• SOURCE DATA:
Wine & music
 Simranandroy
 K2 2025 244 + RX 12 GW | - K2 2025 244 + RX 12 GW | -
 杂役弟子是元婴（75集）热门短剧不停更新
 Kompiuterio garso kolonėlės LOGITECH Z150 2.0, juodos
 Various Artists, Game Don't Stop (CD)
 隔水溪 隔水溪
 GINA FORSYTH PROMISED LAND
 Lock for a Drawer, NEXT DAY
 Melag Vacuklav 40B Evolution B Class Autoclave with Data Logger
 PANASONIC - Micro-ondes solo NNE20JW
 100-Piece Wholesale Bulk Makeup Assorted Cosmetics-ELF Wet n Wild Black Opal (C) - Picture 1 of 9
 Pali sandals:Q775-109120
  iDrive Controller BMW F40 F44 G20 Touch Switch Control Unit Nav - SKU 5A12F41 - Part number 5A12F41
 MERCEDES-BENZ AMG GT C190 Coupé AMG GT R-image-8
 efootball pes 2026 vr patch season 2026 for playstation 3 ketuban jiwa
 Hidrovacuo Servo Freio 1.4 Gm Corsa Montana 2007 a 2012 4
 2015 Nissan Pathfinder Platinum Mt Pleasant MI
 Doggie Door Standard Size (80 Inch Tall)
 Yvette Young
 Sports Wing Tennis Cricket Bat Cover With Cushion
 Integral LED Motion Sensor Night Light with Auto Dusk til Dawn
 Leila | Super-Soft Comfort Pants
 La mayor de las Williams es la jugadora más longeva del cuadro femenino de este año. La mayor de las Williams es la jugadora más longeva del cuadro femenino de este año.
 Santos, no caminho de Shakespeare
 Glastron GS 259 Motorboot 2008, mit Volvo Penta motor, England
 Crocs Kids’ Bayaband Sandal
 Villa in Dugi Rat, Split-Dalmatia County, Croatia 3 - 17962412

• ASSIGNMENT: The only output should be the lines from the one containing "Crocs Kids’ Bayaband Sandal" through the final line of the material above, copied exactly.

• RESPONSE TO THIS EXERCISE:
 Crocs Kids’ Bayaband Sandal
 Villa in Dugi Rat, Split-Dalmatia County, Croatia 3 - 17962412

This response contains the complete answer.